FPGA's (particularly ones from Xilinx) that offer similar logic horsepower (assuming you had a digital designer to write your VHDL for your) for less than 500mW.
The latest Virtex 5 for DSP applications can provide the same processing capability these guys claim (2x H.264 streams) along with all the bells and whistles and on top of that, you have 2 PPC hardcore processors to act as arbitrators for slower functions.
Those things suck up up to 1W though and that's a lot of power for an embedded system.
Parallel processors on a single die (chip) is very different from Thinking Machines & beowulf clusters.
Up till now there were only 2 types of Parallel processing.
1.) loosely coupled. Thinking Machines & beowulf clusters for example are using this, these are interconnected with Ethernet or some other Network medium and send messages back and forth.
2.) Tightly coupled, this is SMP, NUMA, SNOOPY, basically shared memory system where each processor shares the same global memory space.
Each requires very different programming strategies and are limited to certain types of problems.
There is also a third form that is lesser know. This systolic arrays. An example of this is TimeLogic, and many DOD type projects.

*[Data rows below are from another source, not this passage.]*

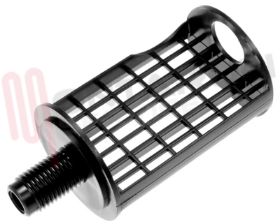 Visualizza i dettagli per FILTRO POMPA A VITE SENZA TAPPO SMEG '618XT' Immagine di FILTRO POMPA A VITE SENZA TAPPO SMEG '618XT'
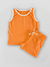 Conjunto Infantil Regata e Short - Pôr do Sol - comprar online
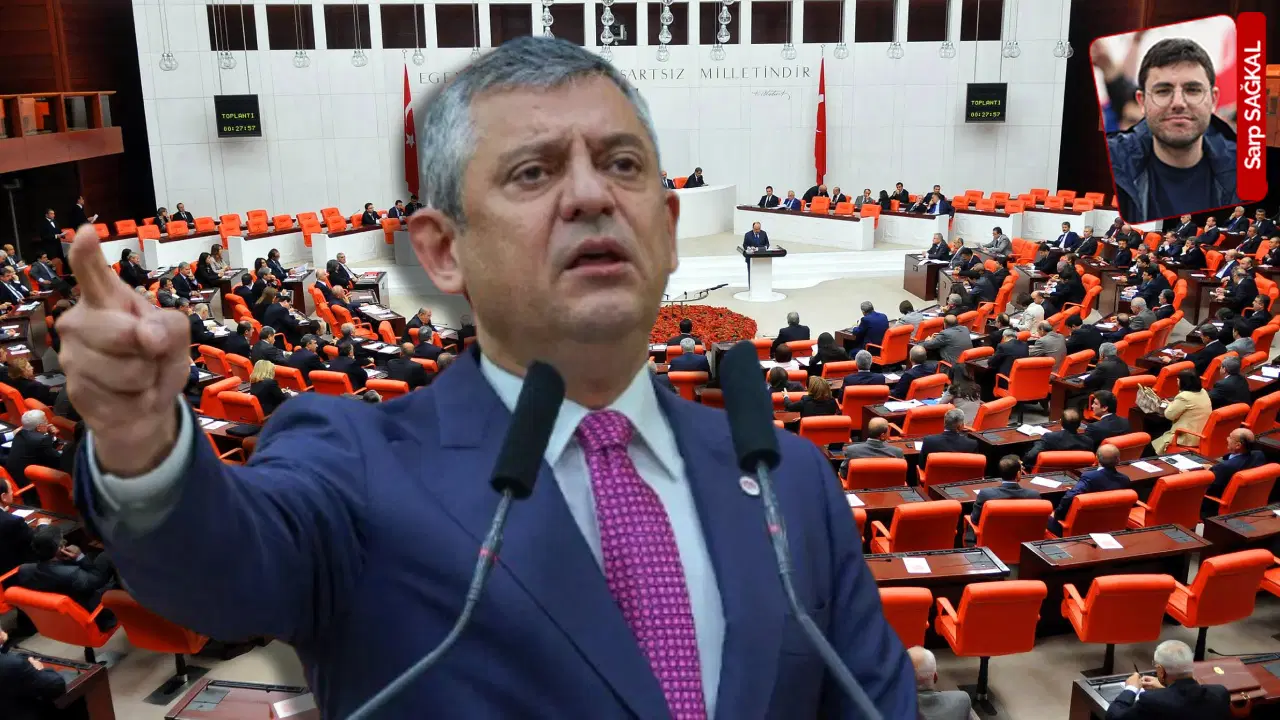 Özel’in fezlekesine karşı tüm gruplar Meclis’te açıklama yaptı: Partilerden soruşturmanın gizliliği vurgusu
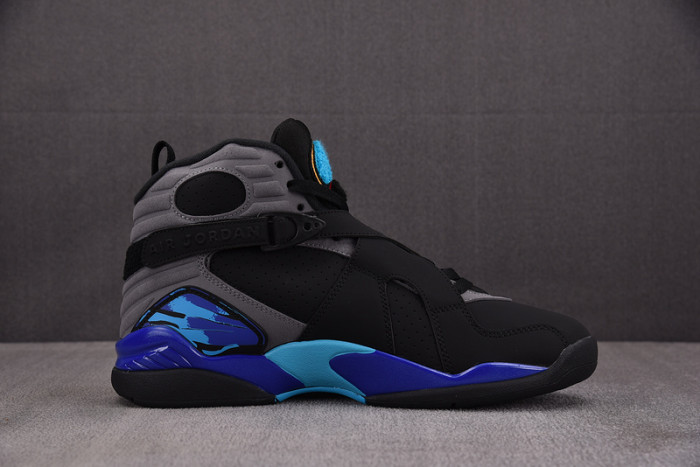 Air Jordan 8 Retro Aqua (2025) 305381-006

This is usually done with a bunch of FPGA's and the math computations are done as a series of hardware pipelines without any CPU.
With the parallel core processor it's possible to make it like an SMP (share memory) type system, but you really get hammer with the memory bottleneck so after about 4 CPU's you don't really gain much.
What I had proposed with doing systolic array type of processing but with Simple but fast CPU's on one chip.
They would be connected with CPU registers that would pass data directly from one CPU to the next.
It's design would allow super tight coupling between each processor, so a programming problem wouldn't need to process a buffer at a time but could tackle problems that can't normally be broken up into parallel operations. For example a bignum math operation like multiplying 2 number that are 1024 bits long. Or large FFT, fast DVT, or matrix operations where each cpu could process part of a single operation that must be done serially, and can not be done using traditional parallel processing.
Specifically my interest was in video compression and image processing in real time. This is where DCT, motion vector searches Huffman coding and other operations that don't parallelize well would really get a boost using this type of processor.
I am always doing that which I can not do, in order that I may learn how to do it. - Pablo Picasso
Are you trying to say Billy G didn't comment on the retarded XT memory architecture with the quote that '640k should be enough for anybody'? I suppose you also don't believe the head of IBM saw a world market for around 5 computers.
Don't they teach history in schools anymore?